Now, this command is returning TRUE and FALSE, when what we want is 1's and 0's. As far as a computer is concerned, a comparison like this is a boolean comparison, and the return values of TRUE and FALSE are a boolean variable. Even though what we are seeing on the screen are the words "true" and "false", what is actually stored for a boolean variable is either a 0 (which is interpreted as false), or a 1 (which interpreted as true). Given this, we can convert this set of TRUEs and FALSEs to 1's and 0's by converting the boolean variable to a numeric variable - modify your command in the console to:
as.numeric(twosp$species == "Wren")
You should now see fifteen 1's followed by fifteen 0's, instead of TRUE's and FALSE's. Note that this wouldn't work if we had the words "true" and "false" in our variable instead - for example, the command (in the console):
as.numeric(c("TRUE", "FALSE"))
makes a vector with the words "TRUE" and "FALSE" in it and then tries to convert those words to numbers, which gives us an error. The quotes around the words cause R to treat them as character data rather than as boolean data, so the conversion to numbers doesn't make sense (it makes as much sense to R as asking to convert the words "dog" and "horseshoe" to numbers).
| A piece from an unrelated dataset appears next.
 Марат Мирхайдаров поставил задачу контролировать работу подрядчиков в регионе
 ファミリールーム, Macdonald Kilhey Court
Now, to complete this step we want to assign these 1's and 0's to a dummy-coded variable called "Wren" in the twosp data set. Add this command to the twosp.dummy code chunk of your R markdown file:
as.numeric(twosp$species == "Wren") -> twosp$Wren
Your twosp data frame should now have three variables, including this new Wren variable that has a 1 when species is "Wren", and 0 when species is "Tree Pipit".
B. Look at your data
We should always look at the data before we analyze it, so let's plot the means and error bars for each species.
We will use the summarySE() function from the Rmisc library that you installed last time to get our summary statistics. In the twosp.sumstats chunk of your R markdown file enter the command:
library(Rmisc)
summarySE(twosp, "length", "species") -> twosp.sumstats
The summarySE() function takes the name of a data set as its first argument, the name of the variable to be summarized as its second argument (in quotes, "length"), and the grouping variable as the third argument ("species"). The summary statistics are then assigned to twosp.sumstats.
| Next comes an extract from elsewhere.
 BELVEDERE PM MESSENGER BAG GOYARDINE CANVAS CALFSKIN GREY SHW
Now to plot the means and confidence intervals with ggplot, you will need to (in the twosp.plotmeans code chunk of your R markdown file):
...load the ggplot2 library:
library(ggplot2)
..set species as the x-axis variable, and "length" as the y-axis variable, add points for the means, and add error bars that use length - ci for ymin, and length + ci for ymax:
ggplot(twosp.sumstats, aes(x = species, y = length)) + geom_point() + geom_errorbar(aes(ymin = length - ci, ymax = length + ci), width = 0.1)
For the daphnia data we use the mean + se for ymax and the mean - se for ymin, but we switched to 95% confidence intervals this time - ci is the width of the confidence intervals. The plot will give you a mean for Tree Pipit and a mean for Wren, and the 95% CI's for each mean. You'll see that Wrens are smaller, and the confidence intervals are clearly non-overlapping. You would expect that the ANOVA should be significant given this.
Take a look at the plot - you have set Wren to 1, and Tree Pipit to 0 in your dummy-coded column. When you use regression to analyze the differences between the groups, which species mean will be equal to the intercept term? Click here to see if you're right.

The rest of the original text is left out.